Возникает вопрос, как могло случиться, что богатые результаты этого единственного в своем роде источника знания не получили гораздо большую известность, не стали знамениты среди психологов и исследователей поведения. Я полагаю, что знаю ответ. То, что Энн М. Салливан сообщает о легкости и быстроте, с которой ее ученица осилила на первый взгляд неразрешимую задачу изучить словесный язык и построить труднейшие абстрактные понятия с помощью одних только сообщений, выписанных на ладони пальцевым алфавитом, должно показаться совершенно невероятным каждому, кто увяз в представлениях бихевиоризма. Но кто знает кое-что об этологии и об упомянутых выше результатах современной лингвистики, тот отнесется к рассказу Энн Салливан с полным доверием, хотя и он удивится многому из описанного больше, чем она, по-видимому, удивлялась сама.
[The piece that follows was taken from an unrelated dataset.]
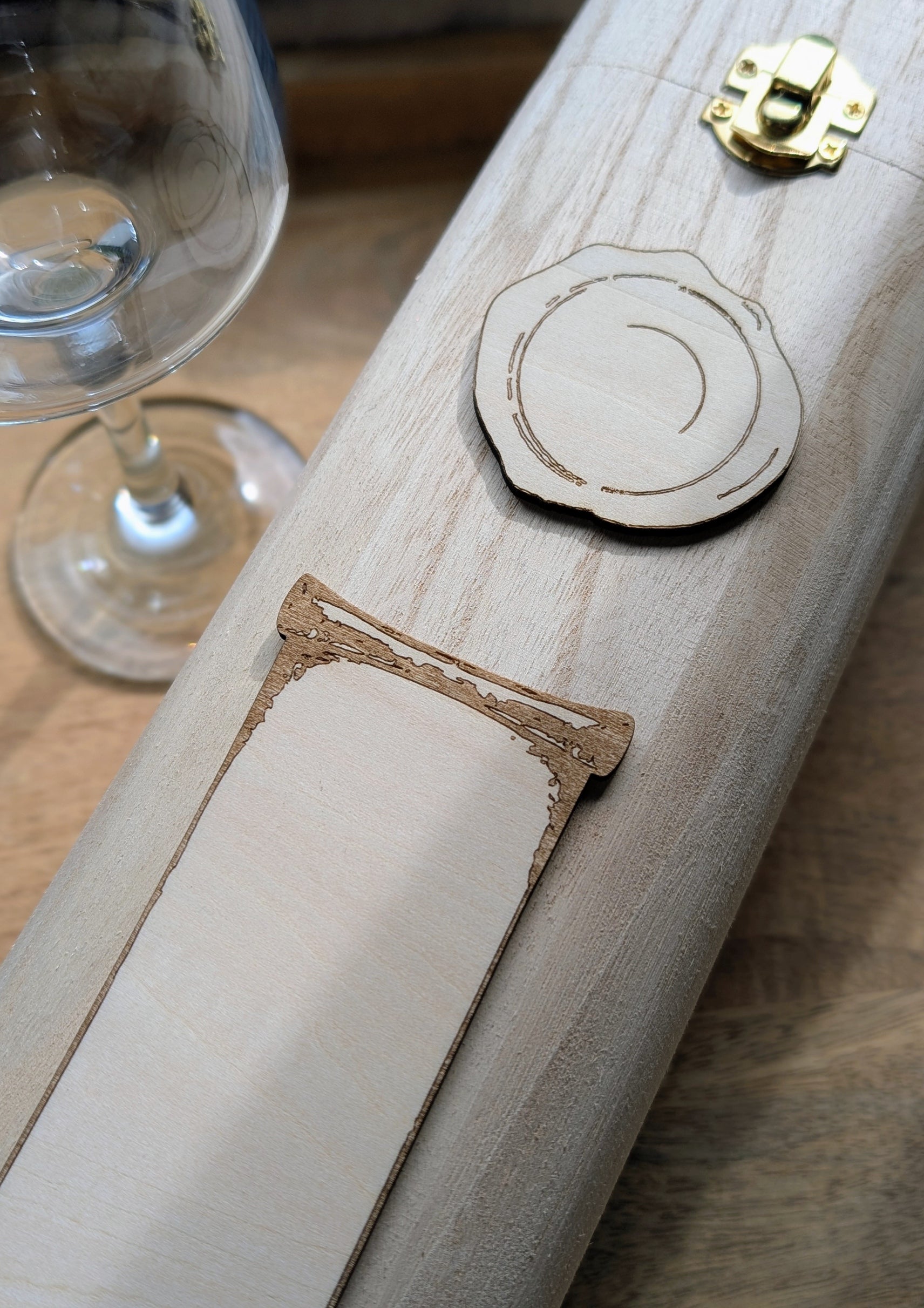 Coffret à vin en bois – 100 % Personnalisable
6 марта 1887 года Энн Салливан начала обучать Хелен Келлер, родившуюся 27 июня 1880 года. До этого девочка почти все время сидела на коленях матери, отвечавшей с любовным пониманием на потребность ребенка в тактильном общении. Как видно из позднейшего замечания Энн Салливан, у Хелен было тогда два движения, выражавших потребность в еде и питье, но она не понимала никаких символических или словесных сообщений, как бы они ни были выражены. Энн Салливан начала свое преподавание с того, что стала писать девочке на ладони с помощью пальцевого алфавита не только отдельные слова, а сразу целые предложения — точно так же, как делает наивный воспитатель, акустически обращаясь к слышащему ребенку. Через два дня после первого знакомства она подарила Хелен куклу — кажется, девочка играла с куклой и раньше — и написала ей на руке слово "doll".[112]Так же она поступала и с другими, самыми разнообразными предметами, т. е пользуясь не упрощенными образными символами, а с самого начала обычным буквенным алфавитом.
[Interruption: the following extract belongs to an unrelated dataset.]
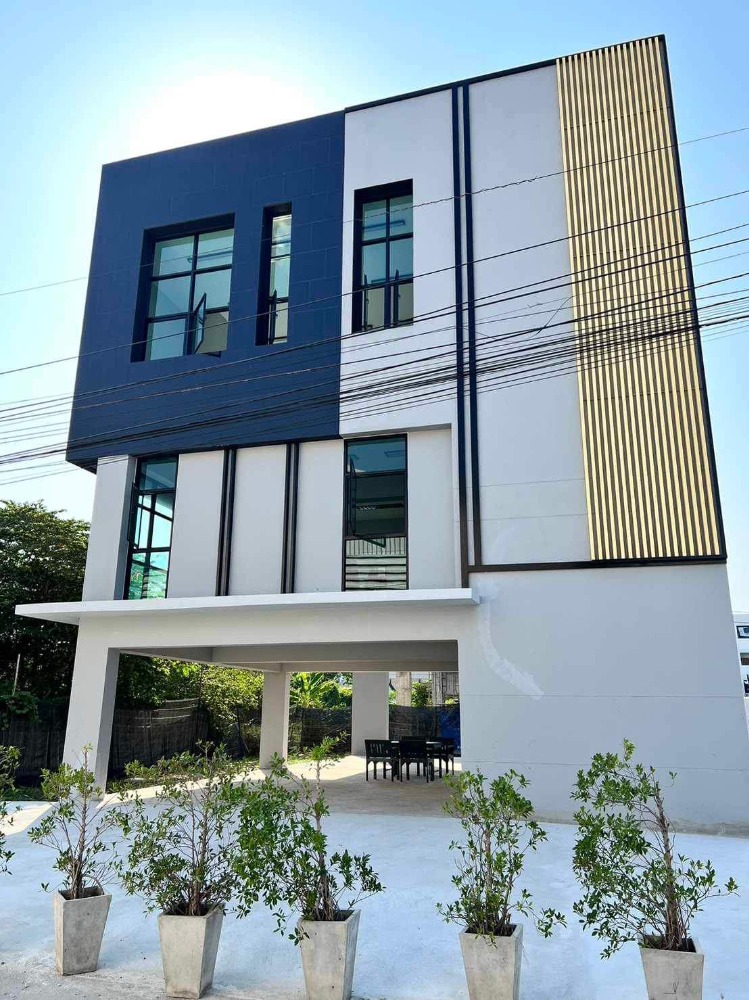 For SaleHome OfficeBangna, Bearing, Lasalle : 3 story home office in Bangna area | 100 sq.w 390 sq.m. | has two large office room, 14 parking | near Mega Bangna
Если бы я не знал об успешном результате и кто-нибудь спросил бы меня, возможно ли, чтобы глухой и слепой человек сразу научился читать таким способом, не научившись раньше говорить, то я без колебания дал бы отрицательный ответ. Но Хелен уже в первый день ее обучения не только установила мысленную связь между сигналом и получением желанного предмета, но, что еще гораздо невероятнее, моторно воспроизвела и передала обратно этот сигнал! При этом она, разумеется, еще не овладела абстракцией заключенных в тактильном изображении букв, а реагировала на общий образ всей тактильной последовательности, которую она затем сама воспроизвела — хотя и неполно, но в узнаваемом виде. Уже то, что она вообще попыталась это сделать, кажется просто невероятным!

20 марта Хелен попыталась вступить в общение со своей любимой собакой, написав ей на лапе первое выученное слово «doll». 31 марта она владела уже 18 существительными и 3 глаголами и начала спрашивать о названиях вещей, принося их своей учительнице и подставляя для писания свою ладонь. Таким образом, у нее была ясно выраженная потребность усваивать такие мысленные связи. Как здесь не вспомнить историю Адама, начавшего свои отношения с миром с того, что он дал вещам имена!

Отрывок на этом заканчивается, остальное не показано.